当然在这里需要CTC得到的结果越好对最终的打分结果更好,这个_ctc_prefix_beam_search也是非常有意思的,他的搜索方法很有意思。
代码如下:
def _ctc_prefix_beam_search(
self,
speech: torch.Tensor,
speech_lengths: torch.Tensor,
beam_size: int,
decoding_chunk_size: int = -1,
num_decoding_left_chunks: int = -1,
simulate_streaming: bool = False,
) -> Tuple[List[List[int]], torch.Tensor]:
""" CTC prefix beam search inner implementation
Args:
speech (torch.Tensor): (batch, max_len, feat_dim)
speech_length (torch.Tensor): (batch, )
beam_size (int): beam size for beam search
decoding_chunk_size (int): decoding chunk for dynamic chunk
trained model.
<0: for decoding, use full chunk.
>0: for decoding, use fixed chunk size as set.
0: used for training, it's prohibited here
simulate_streaming (bool): whether do encoder forward in a
streaming fashion
Returns:
List[List[int]]: nbest results
torch.Tensor: encoder output, (1, max_len, encoder_dim),
it will be used for rescoring in attention rescoring mode
"""
assert speech.shape[0] == speech_lengths.shape[0]

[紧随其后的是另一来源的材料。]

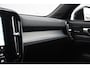 Volvo XC40 B4 211PK Automaat Plus Dark / Navigatie / Adaptive Cruise / Harman Kardon / Stuur- & Stoelverwarming / Elektrische achterklep / Achteruitrijcamera / Elektrische stoelverst. met geheugen / Extra getint glas / Microtech/Nubuck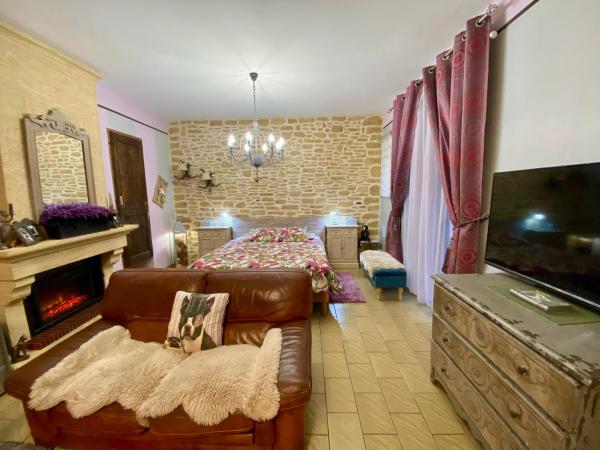 Ô Clair de Lune Chambres d'hôtes climatisées à Sarlat - parking privé - piscine chauffée - espace bien-être Jacuzzi et massages : photo 3 de la chambre suite avec salle de bains privative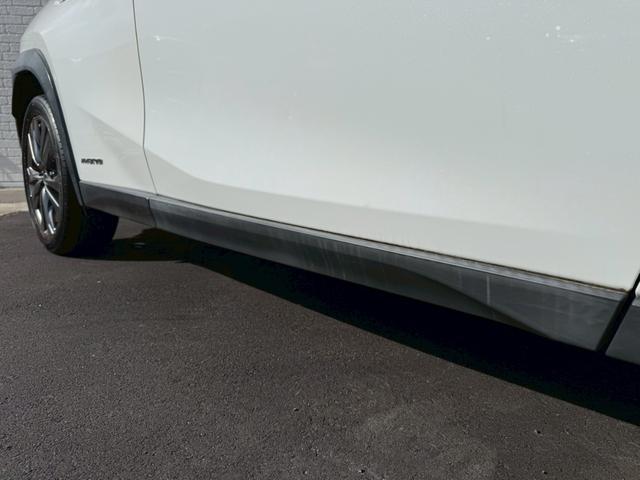 UX UX250h Fスポーツ 3眼LEDヘッドライト 赤革シート 純正ナビ フルセグTV ETC2.0 パワーシート シートヒーター シートクーラー ステアリングヒーター バックカメラ パワーバックドアドラレコ ブラインドスポット(16枚目)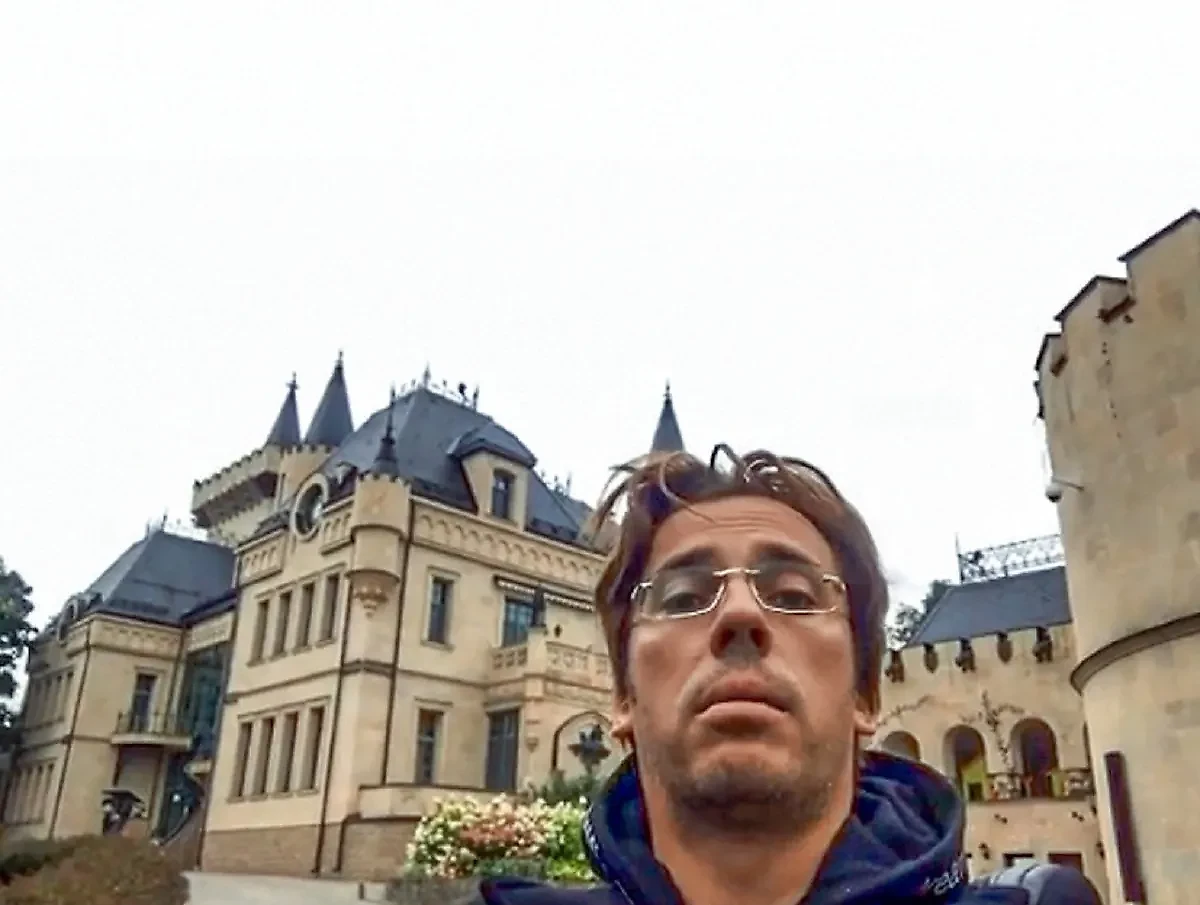 Замок Галкина* и Пугачёвой в Грязи. Фото © Instagram (соцсеть запрещена в РФ; принадлежит корпорации Meta, которая признана в РФ экстремистской) / maxgalkinru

assert decoding_chunk_size != 0
batch_size = speech.shape[0]
# For CTC prefix beam search, we only support batch_size=1
assert batch_size == 1
# Let's assume B = batch_size and N = beam_size
# 1. Encoder forward and get CTC score
encoder_out, encoder_mask = self._forward_encoder(
speech, speech_lengths, decoding_chunk_size,
num_decoding_left_chunks,
simulate_streaming) # (B, maxlen, encoder_dim)
maxlen = encoder_out.size(1)
ctc_probs = self.ctc.log_softmax(
encoder_out) # (1, maxlen, vocab_size)
ctc_probs = ctc_probs.squeeze(0)
# cur_hyps: (prefix, (blank_ending_score, none_blank_ending_score))
cur_hyps = [(tuple(), (0.0, -float('inf')))]
# 2. CTC beam search step by step
for t in range(0, maxlen):
logp = ctc_probs[t] # (vocab_size,)
# key: prefix, value (pb, pnb), default value(-inf, -inf)
next_hyps = defaultdict(lambda: (-float('inf'), -float('inf')))
# 2.1 First beam prune: select topk best
top_k_logp, top_k_index = logp.topk(beam_size) # (beam_size,)
for s in top_k_index:
s = s.item()
ps = logp[s].item()
for prefix, (pb, pnb) in cur_hyps:
last = prefix[-1] if len(prefix) > 0 else None
if s == 0: # blank
n_pb, n_pnb = next_hyps[prefix]
n_pb = log_add([n_pb, pb + ps, pnb + ps])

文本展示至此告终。